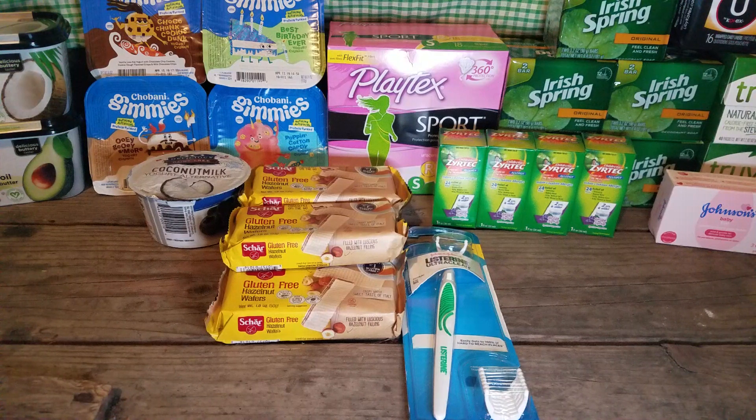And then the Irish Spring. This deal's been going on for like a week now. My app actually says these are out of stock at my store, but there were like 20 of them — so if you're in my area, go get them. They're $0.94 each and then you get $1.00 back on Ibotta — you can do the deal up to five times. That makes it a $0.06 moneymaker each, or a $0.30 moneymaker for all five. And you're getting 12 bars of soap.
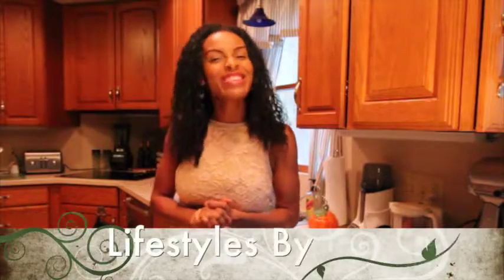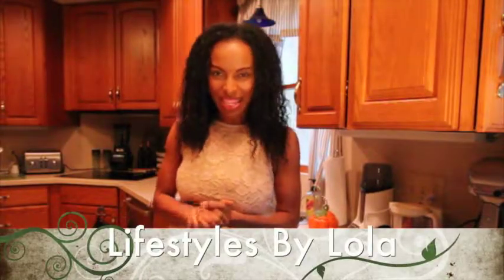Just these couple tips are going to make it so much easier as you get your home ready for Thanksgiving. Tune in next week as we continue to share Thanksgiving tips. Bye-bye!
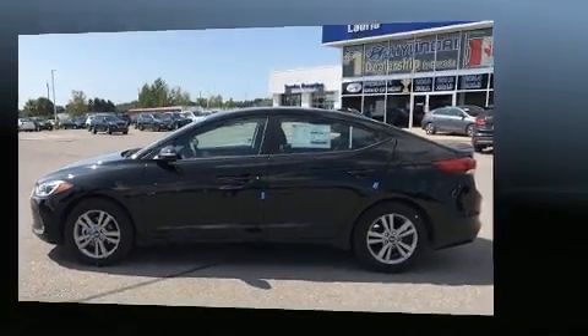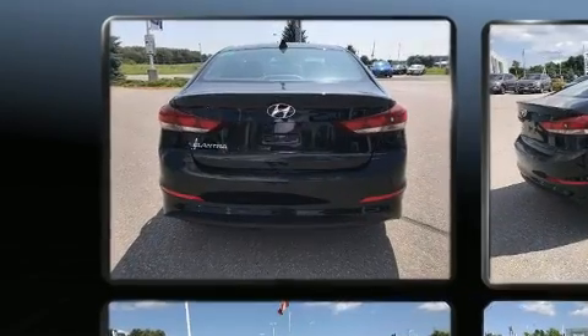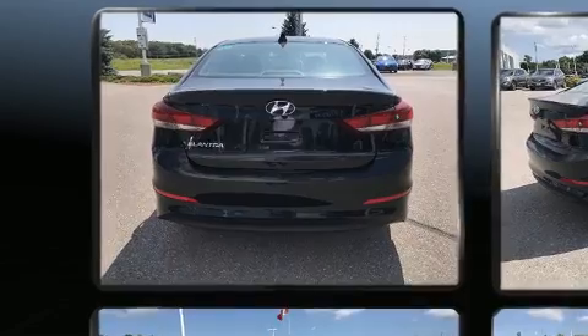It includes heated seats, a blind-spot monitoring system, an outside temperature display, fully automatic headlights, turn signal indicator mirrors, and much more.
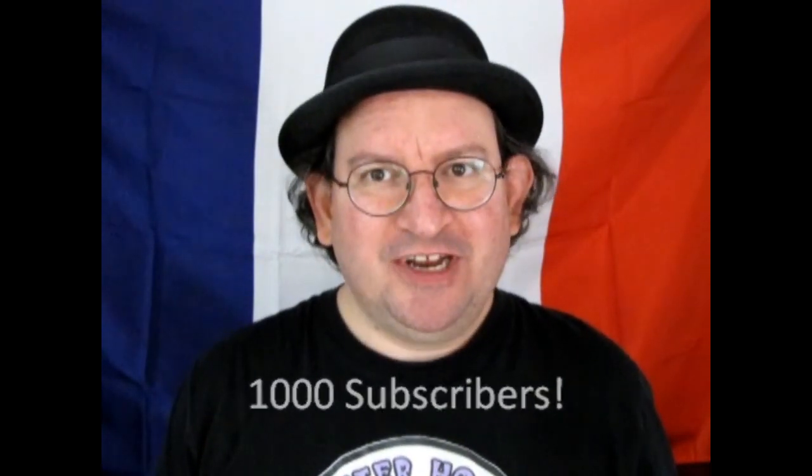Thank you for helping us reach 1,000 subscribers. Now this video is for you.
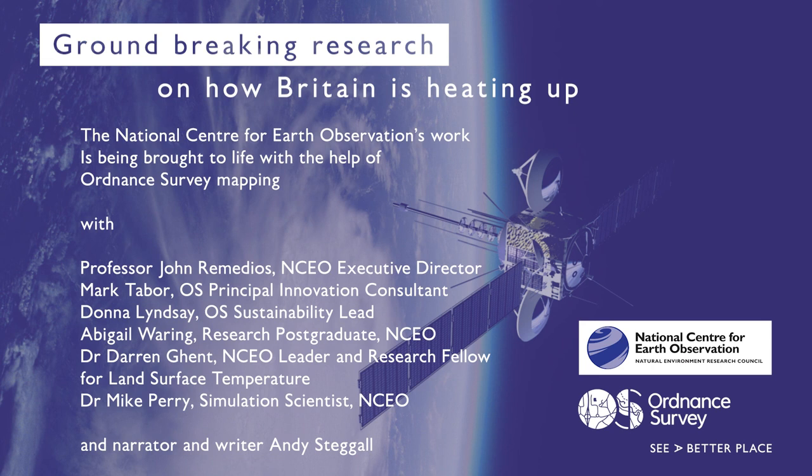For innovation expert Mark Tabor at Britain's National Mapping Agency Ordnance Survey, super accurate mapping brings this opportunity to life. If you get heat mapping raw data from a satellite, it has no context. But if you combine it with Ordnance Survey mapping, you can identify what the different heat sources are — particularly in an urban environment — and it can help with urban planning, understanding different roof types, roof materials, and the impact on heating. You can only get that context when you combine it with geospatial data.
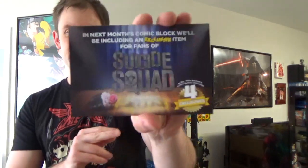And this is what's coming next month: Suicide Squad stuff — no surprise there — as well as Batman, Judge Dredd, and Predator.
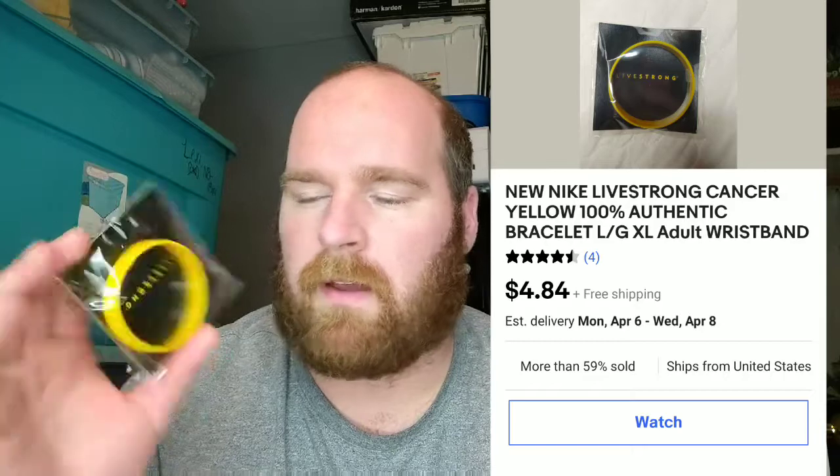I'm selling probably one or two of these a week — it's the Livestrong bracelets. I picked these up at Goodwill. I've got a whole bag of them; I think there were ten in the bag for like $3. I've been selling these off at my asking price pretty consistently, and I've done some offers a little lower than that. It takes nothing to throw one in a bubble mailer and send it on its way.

────────

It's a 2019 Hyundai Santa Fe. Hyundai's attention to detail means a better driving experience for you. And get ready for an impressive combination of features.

────────

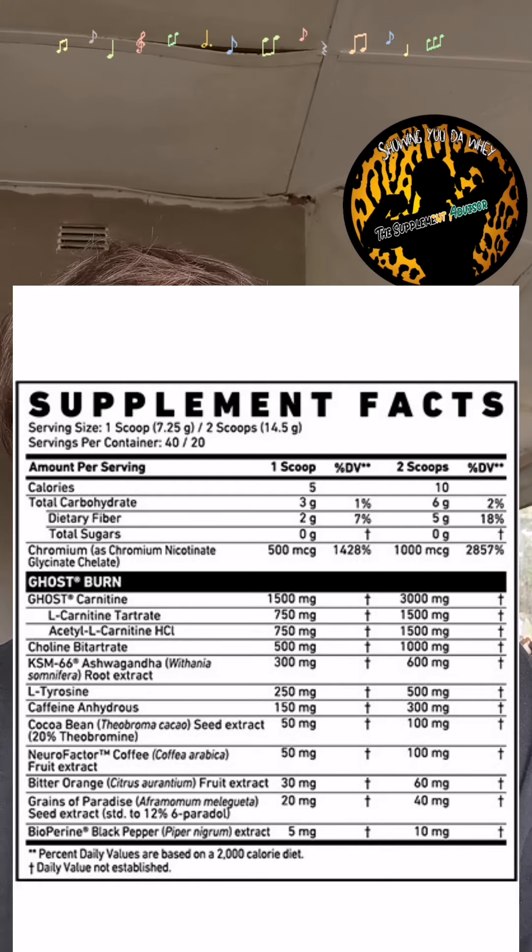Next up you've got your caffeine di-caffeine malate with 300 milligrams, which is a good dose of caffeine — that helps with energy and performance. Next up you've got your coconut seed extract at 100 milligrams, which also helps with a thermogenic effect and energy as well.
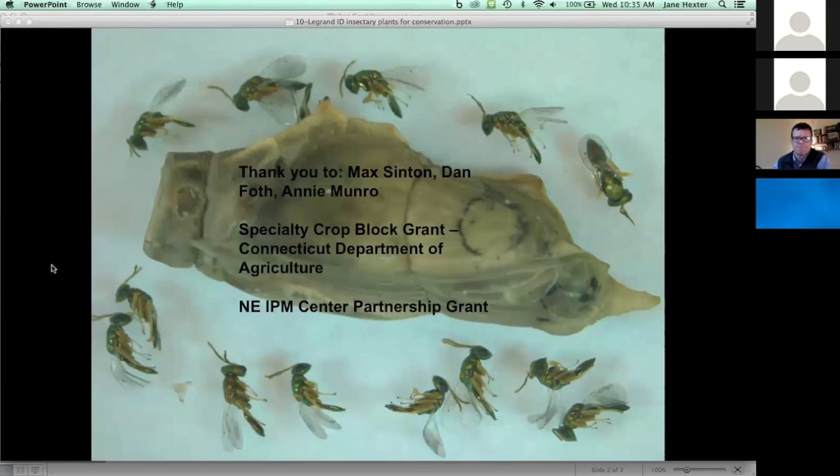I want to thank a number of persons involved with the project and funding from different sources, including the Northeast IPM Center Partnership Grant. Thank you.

────────

WHAT THIS TASK INVOLVES ▸
Repeat exactly the stretch of the listing above that starts with the line holding "And then the" and finishes with the line holding "I'm selling probably", both included. Skip every picture.

OUTPUT ▸
And then the Irish Spring. This deal's been going on for like a week now. My app actually says these are out of stock at my store, but there were like 20 of them — so if you're in my area, go get them. They're $0.94 each and then you get $1.00 back on Ibotta — you can do the deal up to five times. That makes it a $0.06 moneymaker each, or a $0.30 moneymaker for all five. And you're getting 12 bars of soap.
Just these couple tips are going to make it so much easier as you get your home ready for Thanksgiving. Tune in next week as we continue to share Thanksgiving tips. Bye-bye!
It includes heated seats, a blind-spot monitoring system, an outside temperature display, fully automatic headlights, turn signal indicator mirrors, and much more.
Thank you for helping us reach 1,000 subscribers. Now this video is for you.
For innovation expert Mark Tabor at Britain's National Mapping Agency Ordnance Survey, super accurate mapping brings this opportunity to life. If you get heat mapping raw data from a satellite, it has no context. But if you combine it with Ordnance Survey mapping, you can identify what the different heat sources are — particularly in an urban environment — and it can help with urban planning, understanding different roof types, roof materials, and the impact on heating. You can only get that context when you combine it with geospatial data.
And this is what's coming next month: Suicide Squad stuff — no surprise there — as well as Batman, Judge Dredd, and Predator.
I'm selling probably one or two of these a week — it's the Livestrong bracelets. I picked these up at Goodwill. I've got a whole bag of them; I think there were ten in the bag for like $3. I've been selling these off at my asking price pretty consistently, and I've done some offers a little lower than that. It takes nothing to throw one in a bubble mailer and send it on its way.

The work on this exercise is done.